Nur ein Bruchteil davon schaffte es aus den Händen der Redaktion ins Fernsehen - darunter auch solche, bei denen sich der Fragesteller als Schneemann verkleidete oder aus dem Badezimmer sendete.

Ein Mann aus Ohio hielt bei seiner Frage nach der Waffengesetzgebung gar ein Gewehr in den Händen - in einer Live-Diskussion hätte er es kaum bis zum Eingang geschafft.

30 Sekunden Ruhm für Jedermann

Hier sieht Vitouch eine potentielle Gefahr für den neuen Ansatz, den er prinzipiell für gut hält: "Man muss aufpassen, dass die Politik nicht durch die Kommunikationsmedien beeinflusst wird und das alles zu einer einzigen großen Show und ins Lächerliche gezogen wird."

Einen Vorschub für die Demokratisierung kann Vitouch nicht erkennen, eher eine Tendenz zur Freak-Show und der "alten Andy-Warhol-Geschichte", der einst sagte: "In Zukunft wird jeder für 15 Minuten berühmt sein."

Wirklich demokratisch wäre die Befragung gewesen, wenn die Fragen per Zufallsstichprobe ausgewählt worden wären, doch "fade Sachen verkaufen sich schlecht", so Vitouch gegenüber ORF.at.

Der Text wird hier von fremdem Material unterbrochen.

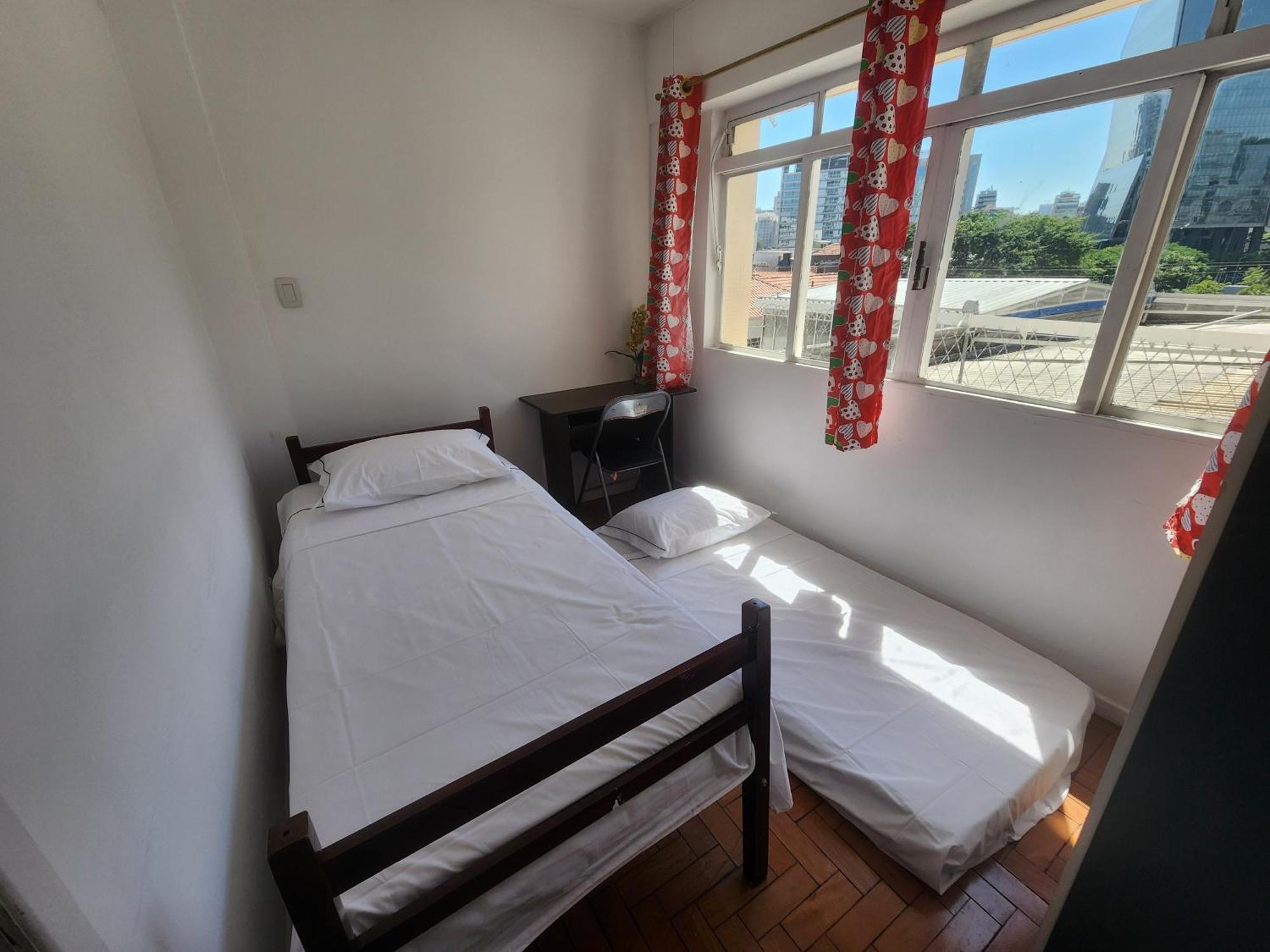 Apto Completo Ao Lado Do Metro Faria Lima Apartamento São Paulo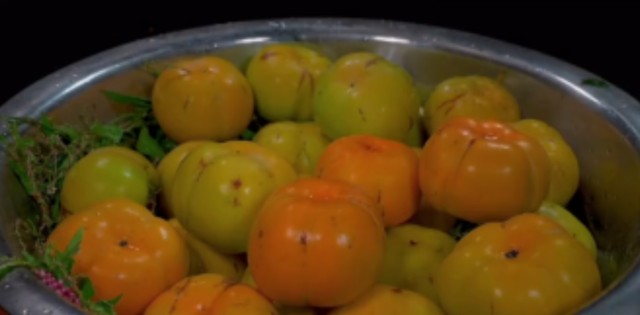 青柿子怎么做好吃，青柿子清脆爽口的简单做法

Der Ansatz, die Bürger via YouTube zur Diskussion einzuladen, sei nicht neu, früher hätte man halt Videokassetten eingeschickt, die Schwelle sei nun niedriger, weil Online-Videos eine technische Erleichterung seien. Zudem sehe man dem neuen Medium auch eher nach, wenn die Bildqualität schlecht ist.

"War es informativer?"

Die Bewertung in den USA der von CNN als "historisch" bezeichneten Debatte fiel unterschiedlich aus: Ein Wähler, der seine Frage per Videoclip eingeschickt hatte, befand: "Es war im Großen und Ganzen schon unterhaltsam. Aber war es auch informativer?"

Der frühere Präsidentenberater David Gergen sagte dagegen: "Klarer Gewinner [der Debatte] war das Format." Da die Fragen schwer vorauszuberechnen gewesen seien, hätten sich die Kandidaten kaum vorbereiten können.

"Ernsthafte Beteiligung"

Dazu meinte Vitouch, dass auch das nicht sicher sei: "Wäre ich PR-Verantwortlicher, würde ich darauf schauen, dass es meine eigenen Videos in die Sendung schaffen." Er sei sich sicher, dass die Fragen mit Bedacht auch auf ihren Effekt ausgewählt worden seien.

Für Europa kann sich Vitouch eine ähnliche Show schwer oder nur unter bestimmten Bedingungen vorstellen: "Eine politische Diskussion braucht auch eine ernsthafte Beteiligung - aber es wird immer eine Gratwanderung bleiben."